→ **Exercise**:
Each entry, in full: reproduce it exactly.

→ **The data**:

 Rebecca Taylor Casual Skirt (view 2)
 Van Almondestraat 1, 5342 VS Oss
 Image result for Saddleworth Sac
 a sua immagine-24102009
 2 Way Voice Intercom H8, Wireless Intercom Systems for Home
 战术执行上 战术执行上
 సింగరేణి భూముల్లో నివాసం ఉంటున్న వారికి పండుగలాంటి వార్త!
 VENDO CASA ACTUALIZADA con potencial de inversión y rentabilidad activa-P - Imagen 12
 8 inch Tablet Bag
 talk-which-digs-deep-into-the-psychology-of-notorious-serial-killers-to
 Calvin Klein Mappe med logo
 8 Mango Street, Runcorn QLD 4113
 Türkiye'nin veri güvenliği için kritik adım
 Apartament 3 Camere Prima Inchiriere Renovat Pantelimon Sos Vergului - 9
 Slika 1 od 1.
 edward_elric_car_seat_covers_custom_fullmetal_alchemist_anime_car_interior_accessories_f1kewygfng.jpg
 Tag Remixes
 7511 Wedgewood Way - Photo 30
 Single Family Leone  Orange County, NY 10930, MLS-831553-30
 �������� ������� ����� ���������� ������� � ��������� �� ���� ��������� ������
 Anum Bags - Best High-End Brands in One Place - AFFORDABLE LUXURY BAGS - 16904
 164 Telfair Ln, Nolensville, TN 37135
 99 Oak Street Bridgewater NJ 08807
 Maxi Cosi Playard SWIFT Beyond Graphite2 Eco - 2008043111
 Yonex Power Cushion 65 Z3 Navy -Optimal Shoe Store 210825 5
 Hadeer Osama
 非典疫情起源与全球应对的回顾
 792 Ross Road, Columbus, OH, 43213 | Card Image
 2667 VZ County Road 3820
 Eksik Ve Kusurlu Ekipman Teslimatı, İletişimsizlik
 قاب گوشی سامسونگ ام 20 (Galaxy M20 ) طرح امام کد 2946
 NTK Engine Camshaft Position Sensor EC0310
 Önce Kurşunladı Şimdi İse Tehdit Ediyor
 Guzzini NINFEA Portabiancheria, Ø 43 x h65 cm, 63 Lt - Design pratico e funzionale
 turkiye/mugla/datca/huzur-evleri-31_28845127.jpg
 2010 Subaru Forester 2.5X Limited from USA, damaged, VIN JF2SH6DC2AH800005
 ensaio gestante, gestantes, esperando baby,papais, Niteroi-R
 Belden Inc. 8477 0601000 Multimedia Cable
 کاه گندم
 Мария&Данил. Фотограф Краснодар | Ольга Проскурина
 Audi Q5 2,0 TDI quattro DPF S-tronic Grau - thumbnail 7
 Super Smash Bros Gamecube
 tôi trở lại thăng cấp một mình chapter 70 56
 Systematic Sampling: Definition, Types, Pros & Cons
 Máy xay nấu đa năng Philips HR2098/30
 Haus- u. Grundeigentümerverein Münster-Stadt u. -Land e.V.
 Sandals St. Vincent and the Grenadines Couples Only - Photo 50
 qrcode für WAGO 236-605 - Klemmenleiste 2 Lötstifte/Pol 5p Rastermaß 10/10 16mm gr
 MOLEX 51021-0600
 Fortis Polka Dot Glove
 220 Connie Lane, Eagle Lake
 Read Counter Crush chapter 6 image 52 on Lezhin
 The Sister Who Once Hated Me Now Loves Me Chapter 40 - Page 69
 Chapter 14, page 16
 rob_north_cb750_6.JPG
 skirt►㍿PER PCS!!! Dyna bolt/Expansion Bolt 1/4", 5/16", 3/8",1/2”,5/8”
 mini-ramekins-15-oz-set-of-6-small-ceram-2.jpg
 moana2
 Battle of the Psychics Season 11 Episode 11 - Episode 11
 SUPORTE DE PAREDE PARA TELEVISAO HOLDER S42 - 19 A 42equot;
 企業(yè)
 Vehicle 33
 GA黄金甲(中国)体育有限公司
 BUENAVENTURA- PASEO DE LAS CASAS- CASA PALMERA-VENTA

→ **Solution to this exercise**:
 Rebecca Taylor Casual Skirt (view 2)
 Van Almondestraat 1, 5342 VS Oss
 Image result for Saddleworth Sac
 a sua immagine-24102009
 2 Way Voice Intercom H8, Wireless Intercom Systems for Home
 战术执行上 战术执行上
 సింగరేణి భూముల్లో నివాసం ఉంటున్న వారికి పండుగలాంటి వార్త!
 VENDO CASA ACTUALIZADA con potencial de inversión y rentabilidad activa-P - Imagen 12
 8 inch Tablet Bag
 talk-which-digs-deep-into-the-psychology-of-notorious-serial-killers-to
 Calvin Klein Mappe med logo
 8 Mango Street, Runcorn QLD 4113
 Türkiye'nin veri güvenliği için kritik adım
 Apartament 3 Camere Prima Inchiriere Renovat Pantelimon Sos Vergului - 9
 Slika 1 od 1.
 edward_elric_car_seat_covers_custom_fullmetal_alchemist_anime_car_interior_accessories_f1kewygfng.jpg
 Tag Remixes
 7511 Wedgewood Way - Photo 30
 Single Family Leone  Orange County, NY 10930, MLS-831553-30
 �������� ������� ����� ���������� ������� � ��������� �� ���� ��������� ������
 Anum Bags - Best High-End Brands in One Place - AFFORDABLE LUXURY BAGS - 16904
 164 Telfair Ln, Nolensville, TN 37135
 99 Oak Street Bridgewater NJ 08807
 Maxi Cosi Playard SWIFT Beyond Graphite2 Eco - 2008043111
 Yonex Power Cushion 65 Z3 Navy -Optimal Shoe Store 210825 5
 Hadeer Osama
 非典疫情起源与全球应对的回顾
 792 Ross Road, Columbus, OH, 43213 | Card Image
 2667 VZ County Road 3820
 Eksik Ve Kusurlu Ekipman Teslimatı, İletişimsizlik
 قاب گوشی سامسونگ ام 20 (Galaxy M20 ) طرح امام کد 2946
 NTK Engine Camshaft Position Sensor EC0310
 Önce Kurşunladı Şimdi İse Tehdit Ediyor
 Guzzini NINFEA Portabiancheria, Ø 43 x h65 cm, 63 Lt - Design pratico e funzionale
 turkiye/mugla/datca/huzur-evleri-31_28845127.jpg
 2010 Subaru Forester 2.5X Limited from USA, damaged, VIN JF2SH6DC2AH800005
 ensaio gestante, gestantes, esperando baby,papais, Niteroi-R
 Belden Inc. 8477 0601000 Multimedia Cable
 کاه گندم
 Мария&Данил. Фотограф Краснодар | Ольга Проскурина
 Audi Q5 2,0 TDI quattro DPF S-tronic Grau - thumbnail 7
 Super Smash Bros Gamecube
 tôi trở lại thăng cấp một mình chapter 70 56
 Systematic Sampling: Definition, Types, Pros & Cons
 Máy xay nấu đa năng Philips HR2098/30
 Haus- u. Grundeigentümerverein Münster-Stadt u. -Land e.V.
 Sandals St. Vincent and the Grenadines Couples Only - Photo 50
 qrcode für WAGO 236-605 - Klemmenleiste 2 Lötstifte/Pol 5p Rastermaß 10/10 16mm gr
 MOLEX 51021-0600
 Fortis Polka Dot Glove
 220 Connie Lane, Eagle Lake
 Read Counter Crush chapter 6 image 52 on Lezhin
 The Sister Who Once Hated Me Now Loves Me Chapter 40 - Page 69
 Chapter 14, page 16
 rob_north_cb750_6.JPG
 skirt►㍿PER PCS!!! Dyna bolt/Expansion Bolt 1/4", 5/16", 3/8",1/2”,5/8”
 mini-ramekins-15-oz-set-of-6-small-ceram-2.jpg
 moana2
 Battle of the Psychics Season 11 Episode 11 - Episode 11
 SUPORTE DE PAREDE PARA TELEVISAO HOLDER S42 - 19 A 42equot;
 企業(yè)
 Vehicle 33
 GA黄金甲(中国)体育有限公司
 BUENAVENTURA- PASEO DE LAS CASAS- CASA PALMERA-VENTA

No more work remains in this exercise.